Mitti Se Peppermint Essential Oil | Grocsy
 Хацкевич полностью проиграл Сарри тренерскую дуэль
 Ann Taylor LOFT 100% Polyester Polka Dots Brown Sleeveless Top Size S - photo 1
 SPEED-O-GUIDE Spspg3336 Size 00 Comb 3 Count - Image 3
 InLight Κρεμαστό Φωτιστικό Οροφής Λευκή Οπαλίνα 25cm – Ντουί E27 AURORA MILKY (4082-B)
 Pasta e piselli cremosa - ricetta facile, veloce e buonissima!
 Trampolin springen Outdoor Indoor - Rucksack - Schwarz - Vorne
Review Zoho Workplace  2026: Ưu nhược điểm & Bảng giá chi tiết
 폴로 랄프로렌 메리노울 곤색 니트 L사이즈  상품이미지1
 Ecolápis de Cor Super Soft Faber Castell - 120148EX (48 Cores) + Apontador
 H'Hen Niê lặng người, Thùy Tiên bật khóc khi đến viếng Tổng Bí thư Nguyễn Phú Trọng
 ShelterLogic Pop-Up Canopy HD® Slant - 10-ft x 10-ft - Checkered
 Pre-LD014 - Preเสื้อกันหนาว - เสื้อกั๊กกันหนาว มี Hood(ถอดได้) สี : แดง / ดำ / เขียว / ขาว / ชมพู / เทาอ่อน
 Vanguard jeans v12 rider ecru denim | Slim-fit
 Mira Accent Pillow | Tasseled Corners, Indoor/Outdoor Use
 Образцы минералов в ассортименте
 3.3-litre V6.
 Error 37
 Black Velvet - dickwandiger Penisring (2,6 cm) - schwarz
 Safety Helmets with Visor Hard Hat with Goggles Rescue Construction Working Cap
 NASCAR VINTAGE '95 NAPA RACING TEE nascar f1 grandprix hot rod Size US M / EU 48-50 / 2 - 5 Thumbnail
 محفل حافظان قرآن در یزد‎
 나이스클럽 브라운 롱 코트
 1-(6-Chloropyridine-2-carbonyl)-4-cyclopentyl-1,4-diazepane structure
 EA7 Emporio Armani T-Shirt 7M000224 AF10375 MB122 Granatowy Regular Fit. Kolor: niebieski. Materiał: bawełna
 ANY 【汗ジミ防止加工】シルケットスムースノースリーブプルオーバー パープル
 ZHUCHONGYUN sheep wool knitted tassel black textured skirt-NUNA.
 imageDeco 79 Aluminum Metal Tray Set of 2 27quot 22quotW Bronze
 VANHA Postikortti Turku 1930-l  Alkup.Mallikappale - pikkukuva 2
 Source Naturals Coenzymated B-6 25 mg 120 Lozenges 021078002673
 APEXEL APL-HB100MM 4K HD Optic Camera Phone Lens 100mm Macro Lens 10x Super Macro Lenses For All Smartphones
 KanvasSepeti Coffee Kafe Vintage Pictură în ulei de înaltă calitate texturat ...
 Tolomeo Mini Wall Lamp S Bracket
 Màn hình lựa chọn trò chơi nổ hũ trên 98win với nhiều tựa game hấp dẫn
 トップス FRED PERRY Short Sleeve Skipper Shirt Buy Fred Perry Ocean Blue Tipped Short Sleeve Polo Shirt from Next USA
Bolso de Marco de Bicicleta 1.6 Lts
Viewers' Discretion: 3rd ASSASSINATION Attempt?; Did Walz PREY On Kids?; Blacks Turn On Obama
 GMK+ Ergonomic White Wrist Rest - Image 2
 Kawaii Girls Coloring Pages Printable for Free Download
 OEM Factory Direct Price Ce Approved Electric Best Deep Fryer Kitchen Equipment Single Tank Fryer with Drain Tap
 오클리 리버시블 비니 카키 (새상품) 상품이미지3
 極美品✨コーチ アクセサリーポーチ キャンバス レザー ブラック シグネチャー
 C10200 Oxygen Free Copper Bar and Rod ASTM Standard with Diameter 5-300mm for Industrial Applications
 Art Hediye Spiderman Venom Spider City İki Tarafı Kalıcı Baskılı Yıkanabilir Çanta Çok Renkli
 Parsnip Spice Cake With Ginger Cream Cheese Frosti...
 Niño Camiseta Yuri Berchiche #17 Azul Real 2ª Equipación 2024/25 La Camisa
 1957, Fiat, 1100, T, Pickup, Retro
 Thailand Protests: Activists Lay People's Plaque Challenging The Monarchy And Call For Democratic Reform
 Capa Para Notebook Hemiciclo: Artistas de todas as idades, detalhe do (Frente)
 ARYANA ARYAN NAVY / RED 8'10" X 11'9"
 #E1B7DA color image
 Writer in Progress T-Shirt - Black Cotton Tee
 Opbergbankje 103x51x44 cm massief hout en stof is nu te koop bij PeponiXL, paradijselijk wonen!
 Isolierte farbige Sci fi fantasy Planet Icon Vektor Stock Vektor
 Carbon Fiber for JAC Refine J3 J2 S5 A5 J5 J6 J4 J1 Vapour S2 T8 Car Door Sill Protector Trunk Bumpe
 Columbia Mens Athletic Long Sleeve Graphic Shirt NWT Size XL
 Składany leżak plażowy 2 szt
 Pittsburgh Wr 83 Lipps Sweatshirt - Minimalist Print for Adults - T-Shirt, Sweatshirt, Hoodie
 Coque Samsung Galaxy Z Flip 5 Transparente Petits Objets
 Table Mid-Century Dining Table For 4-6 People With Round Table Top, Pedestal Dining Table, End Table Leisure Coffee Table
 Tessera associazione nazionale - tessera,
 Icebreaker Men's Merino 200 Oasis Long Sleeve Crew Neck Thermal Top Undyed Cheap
* * * * * * *
Requirement - Keeping every character as it is, restate the lines above that run from the line with "OEM Factory Direct" through the line with "1957, Fiat, 1100, T, Pickup, Retro", both included, and nothing else.

Solution to this problem -
 OEM Factory Direct Price Ce Approved Electric Best Deep Fryer Kitchen Equipment Single Tank Fryer with Drain Tap
 오클리 리버시블 비니 카키 (새상품) 상품이미지3
 極美品✨コーチ アクセサリーポーチ キャンバス レザー ブラック シグネチャー
 C10200 Oxygen Free Copper Bar and Rod ASTM Standard with Diameter 5-300mm for Industrial Applications
 Art Hediye Spiderman Venom Spider City İki Tarafı Kalıcı Baskılı Yıkanabilir Çanta Çok Renkli
 Parsnip Spice Cake With Ginger Cream Cheese Frosti...
 Niño Camiseta Yuri Berchiche #17 Azul Real 2ª Equipación 2024/25 La Camisa
 1957, Fiat, 1100, T, Pickup, Retro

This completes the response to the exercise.